We join the American Heart Association and N.C. Council for Women in bringing attention to heart disease. The council will be gathering today at a Go Red for Women presentation, learning ways to reduce the risks of falling victim.
Heart disease is the second-leading cause of death in North Carolina.
According to the Centers for Disease Control and Prevention, one in four deaths in North Carolina are the result of heart disease. Another 6 percent die from stroke.
The land of the long leaf pine has had higher percentage rates than the nation for diabetes, cigarette smoking, high blood pressure, high total blood cholesterol, lack of moderate or vigorous physical activity, being overweight or obese and eating fruits and vegetables less than five times a day.

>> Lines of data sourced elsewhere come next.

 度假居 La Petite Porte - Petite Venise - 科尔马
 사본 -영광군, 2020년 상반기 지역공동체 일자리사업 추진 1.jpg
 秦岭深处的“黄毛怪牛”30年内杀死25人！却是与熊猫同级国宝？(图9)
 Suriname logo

Four out of five North Carolinians don’t eat well when it comes to vegetables. Two out of three are overweight. More than half fail to get recommended exercise.

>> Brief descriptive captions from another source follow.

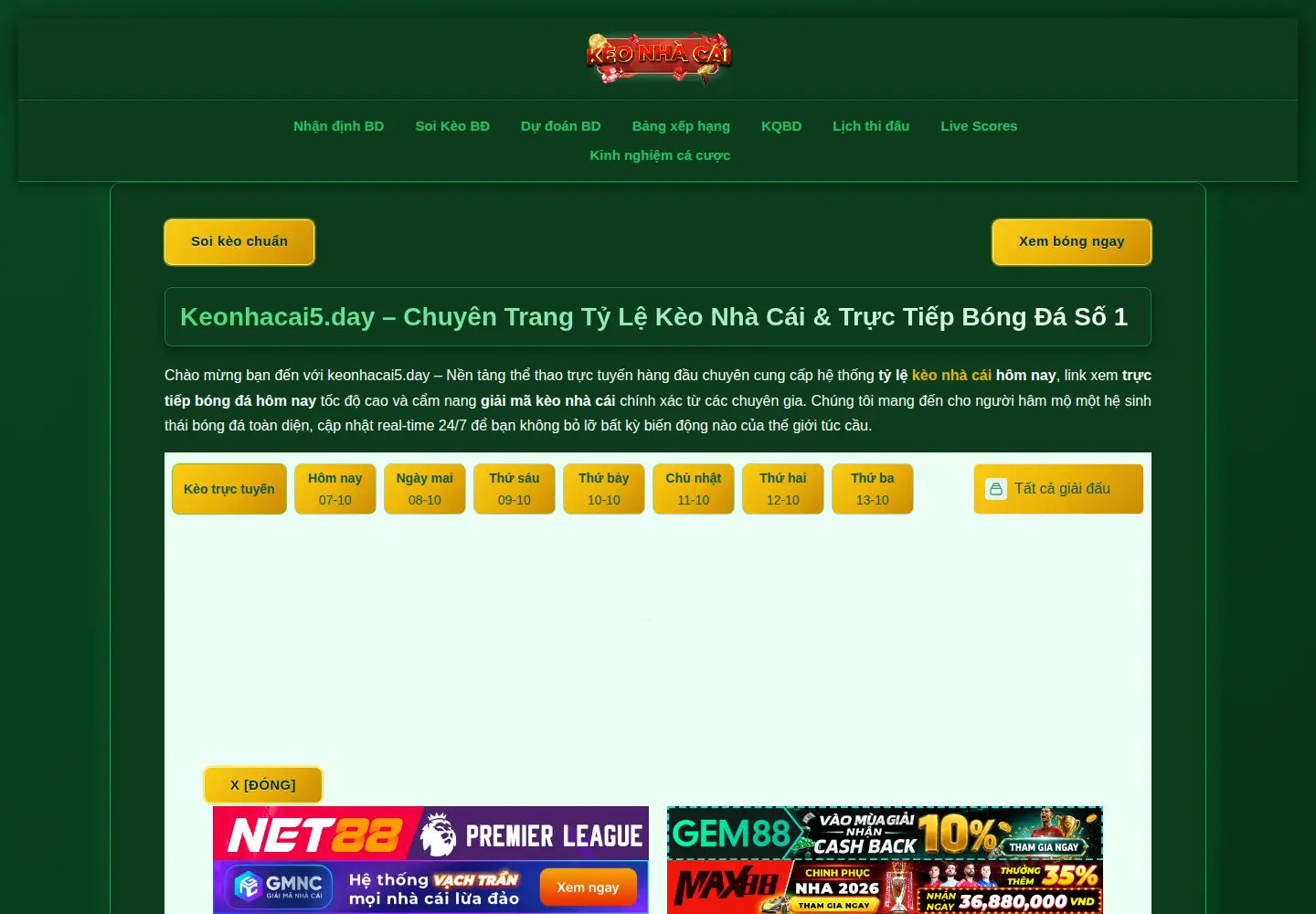 Captured homepage of keonhacaipro.org in the current scan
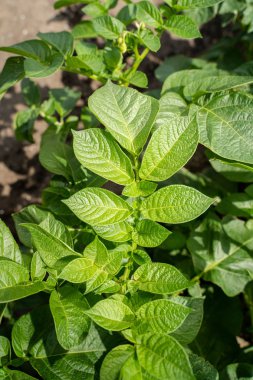 Yeşil yapraklar arka plan olarak patates yakın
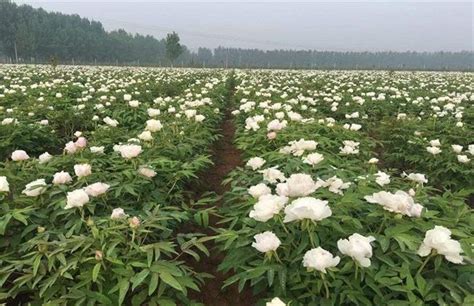 芍药的养殖方法和注意事项-种植技术-中国花木网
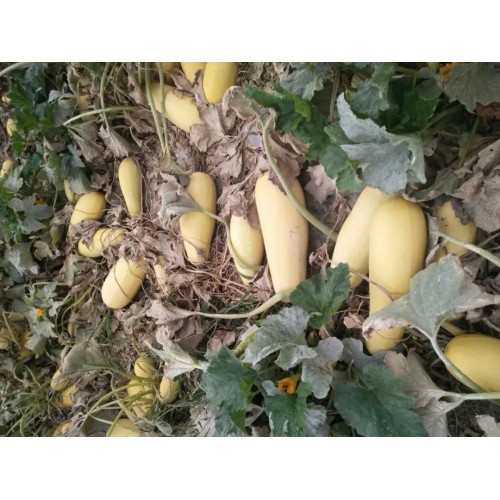Hạt giống bí ngô siêu hạt F1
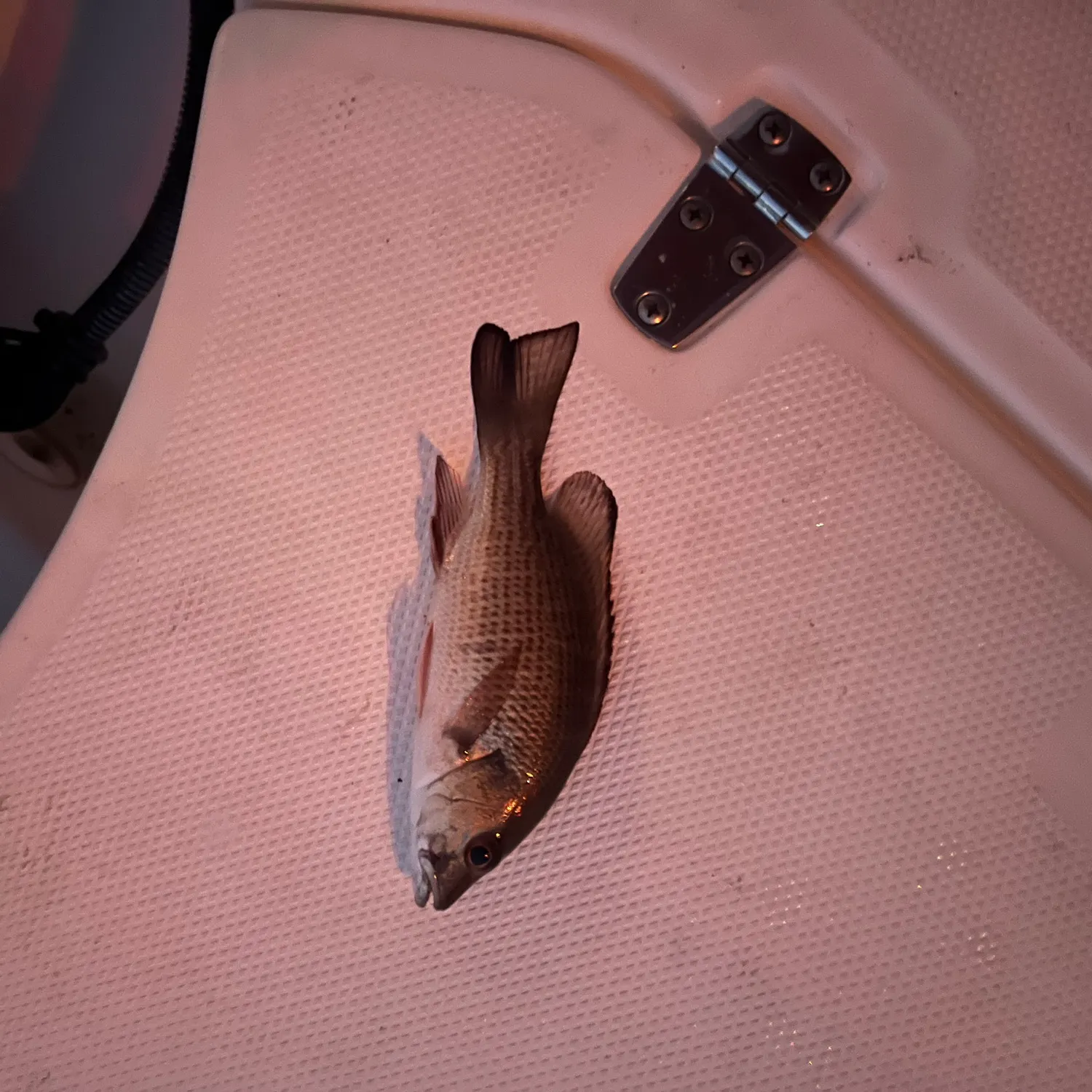 The most recent Mangrove snapper catches on Fishbrain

It follows as no surprise that nearly one out of three are fighting high blood pressure, high cholesterol or both.
Blood pressure, high cholesterol, diabetes, smoking and failure to exercise are risk factors associated with daily choices we make. Factors we don’t control, like age, race, gender and heredity, can also be triggers.
Along with the obvious fight against symptoms is encouragement to limit alcohol intake and to limit fat intake. Four servings of fruit and five servings of vegetables will do more than provide a nice daily fill up. It will make a plate healthy, colorful and even fun. Lean meat, such as red meat, poultry and fish, are good in small portions — think a deck of cards.
When picking out clothes this morning, choose the red. Send a statement, a bold one, to everyone in eyesight so they’ll ask why. Then share at least one tip. There is preventative assistance aimed at heart disease and stroke.
Casual Friday can also be an informative Friday. We have one body, and we must take care of it.
Taking a stand against heart disease starts with a change in habits. And for today, adding a wardrobe change that will later prompt a question might just help someone else.